Duncan B. Cooper and Robin J. Cooper were convicted of murder in the second degree, and they bring error. Conviction of Duncan B Cooper affirmed, and conviction of Robin J. Cooper reversed.
J. M Anderson, Luke E. Wright, W. H. Washington, M. H. Meeks, and Albert G. Ewing, for plaintiffs in error.
Attorney General Cates, G. T. Fitzhugh, and J. B. Garner, for the State.
Duncan B. Cooper and Robin J. Cooper were indicted in the criminal court of Davidson county, Tenn., charged with murder in the first degree, committed November 9, 1908, upon the body of Edward W. Carmack, and later, after a trial lasting some two months, were by a jury of that county found guilty of murder in the second degree, and their punishment fixed at confinement in the penitentiary for a period of 20 years, and, after their rule for a new trial was discharged, judgment was entered against them in accordance with the verdict.
From this judgment they have prosecuted an appeal in the nature of a writ of error to this court, and assigned numerous alleged errors, upon which they ask that the judgment be reversed and the case remanded to the lower court for a new trial.
John D. Sharp was also indicted with plaintiffs in error, but was acquitted by the jury.
The record and the briefs filed for plaintiffs in error and the state are voluminous, the argument at the bar was most elaborate and marked with much ability, and the case has challenged and had the most careful and deliberate consideration of the court.
Duncan B. Cooper and Robin J. Cooper are father and son. Duncan B. Cooper for some years past has been quite prominent in political affairs in Tennessee.
Robin J. Cooper is a young man, and a lawyer practicing in the courts of Davidson county.
Edward W. Carmack was late a Senator of the United States, and was also prominent and active in politics, and a candidate in several political contests that have occurred in the state within the past few years, and at the time of his death, November 9, 1908, was editor of the Nashville Tennesseean, a daily paper published in the city of Nashville.

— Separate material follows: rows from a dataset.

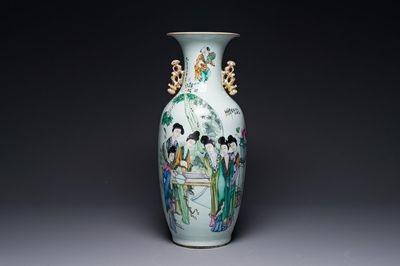 Vase en porcelaine de Chine famille rose, signé Yu Zhao 余钊, 19/20ème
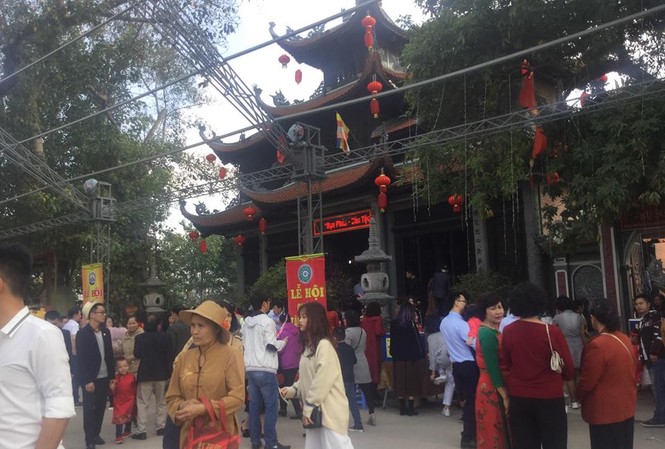 Người xứ Lạng náo nức xin lộc Chùa Thành Chùa Thành, địa điểm tâm linh thu hút người dân đến hành lễ .Ảnh: Duy Chiến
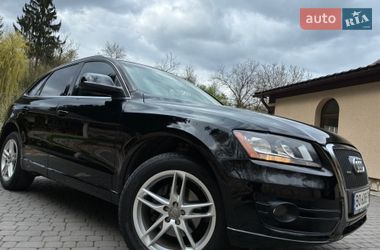 Внедорожник / Кроссовер Audi Q5 2011 в Тячеве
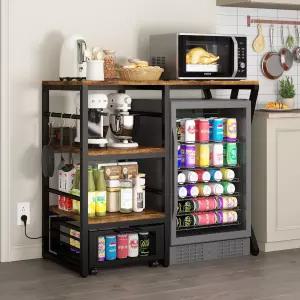 이동식 바구니가 있는 음료 와인 냉장고 스탠드 미니 공간 및 전원 콘센트가 커피 바 캐비닛 작업대가 주방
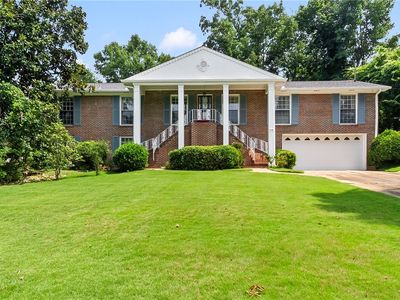 3130 Arcadia Dr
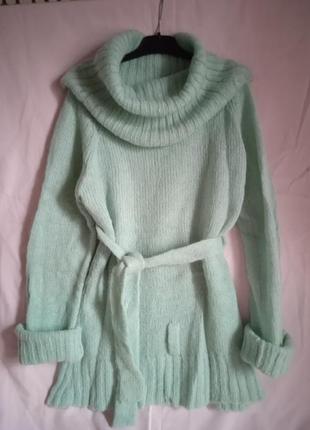 Красивый свитер мятного цвета.1 фото
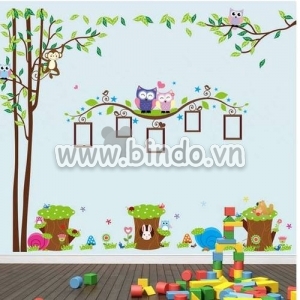 Decal dán tường Combo cây xanh và khỉ con
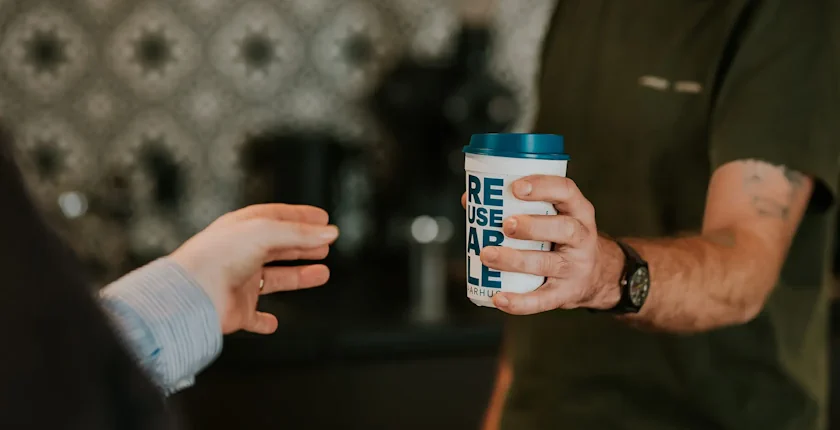 visekratna ambalaza za poneti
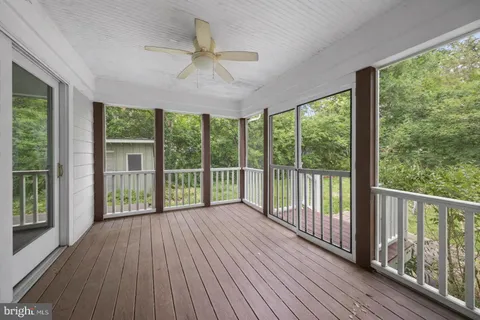 $6,000 | 4812 7th Street North, Arlington, VA 22203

He was a candidate to succeed himself in a general primary held for the nomination of a United States Senator in 1906, and was defeated. He was again a candidate in a primary held to nominate a candidate for Governor in 1908, and was defeated by Gov. M. R. Patterson.
Col. Duncan B. Cooper and Senator Edward W. Carmack, previous to these contests, were friends; but the former had opposed the latter in both of these contests, and, from an estrangement at first, the feeling between them had become one of hostility, as will more fully appear from the facts to be stated.

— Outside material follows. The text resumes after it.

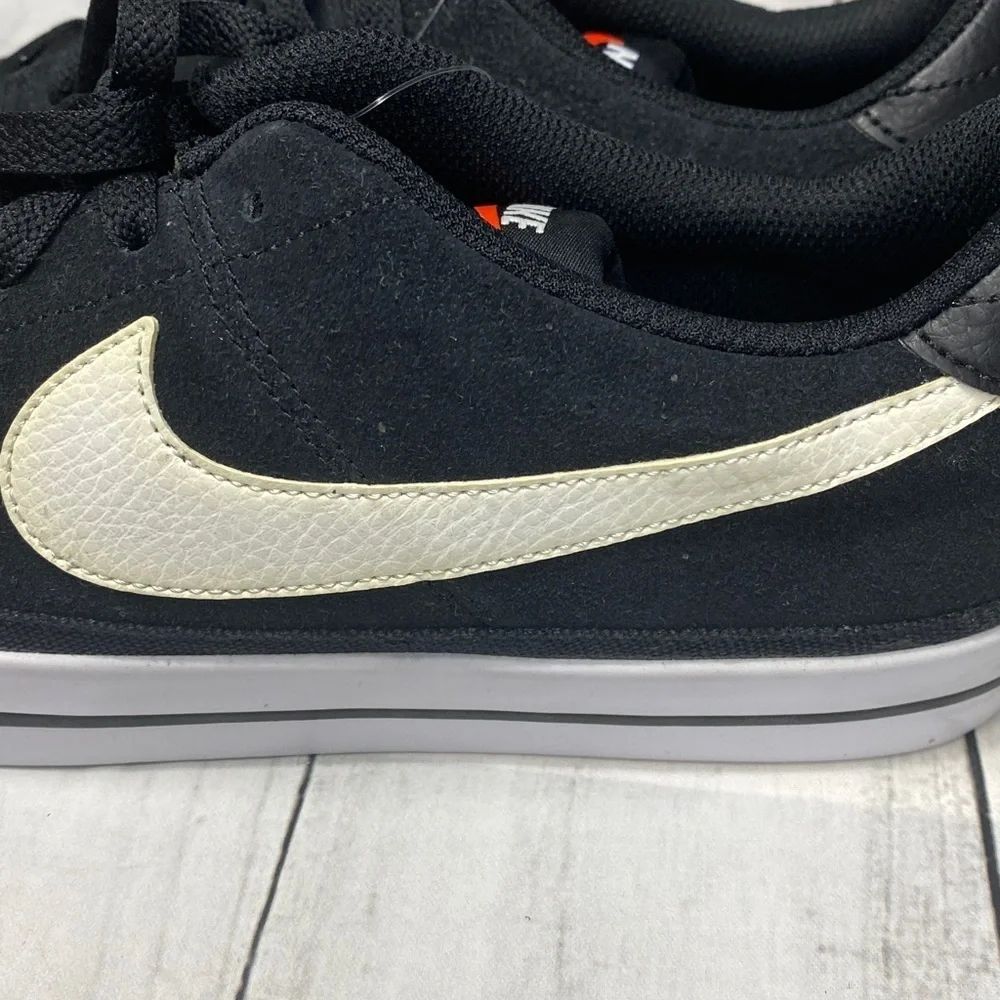 Nike Men's Court Legacy Suede Black and White Sneakers Sz 9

Robin J. Cooper, while sharing in the hostility of his father to Senator Cormack, came into this unfortunate tragedy, resulting in the death of the latter, almost altogether through his father.

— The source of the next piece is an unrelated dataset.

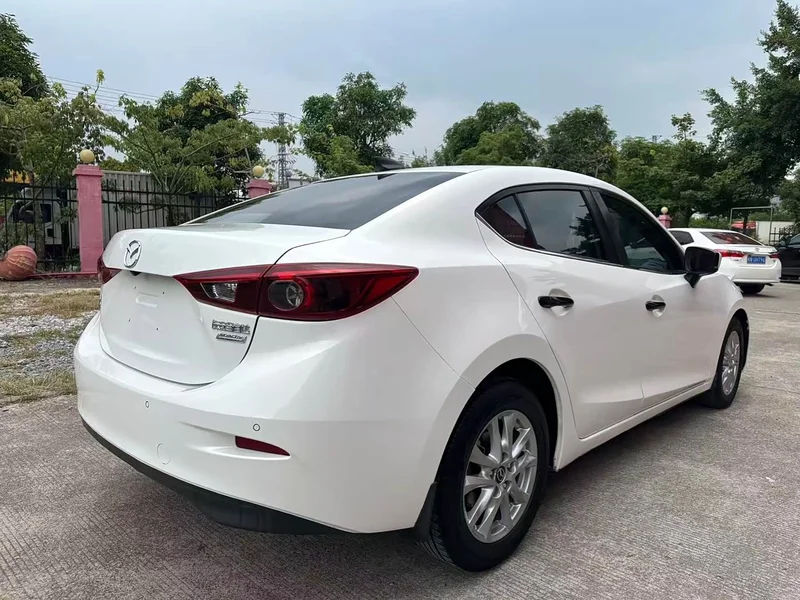 Mazda 3 Axela — фото 4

There is no question but that Edward W. Carmack was shot to death in an encounter with the Coopers on November 9, 1908. The tragedy occurred about 4 o'clock in the afternoon, upon Seventh Avenue North, a street in the city of Nashville, near and south of where Union street intersects it.
The contention of plaintiffs in error is that the homicide was committed in self-defense, or, more correctly stated, by Robin Cooper, in defense of his father and himself.
The first assignment of error is:
" The verdict is not warranted by the evidence."
This assignment, in form, is not good. The settled and uniform practice of this court and the law of this state is that in civil cases, tried by a jury, the verdict will not be disturbed upon the facts, in proceedings in error, where there is any material evidence to sustain it.
The practice and law in criminal cases, equally well established, is that a verdict of guilty, approved by the trial judge, will not be disturbed upon the facts by this court, unless upon an examination of the whole record there is found to be a clear preponderance of evidence in favor of the innocence of the plaintiff in error.
In the case of Leake v. State, 10 Humph. 145, decided by this court in 1849, Judge Turley, speaking for the court, said:
In the case of Robertson v. State, 4 Lea. 427, that eminent jurist, Judge McFarland, said:
Another rule to be applied in connection with this, and really a part of it, is that a verdict is entitled to great weight in considering the credibility of the witnesses examined and conflicts in their testimony.
In the case of Hardwick v. State, 6 Lea, 107, Judge Cooper said:
In Kirby v. State, 3 Humph. 304, Judge Green said:
The plaintiffs in error, as also appears from these authorities have in this court no longer thrown about them the presumption of innocence; but, on the contrary, the verdict of the jury, approved by the trial judge, raises a presumption of...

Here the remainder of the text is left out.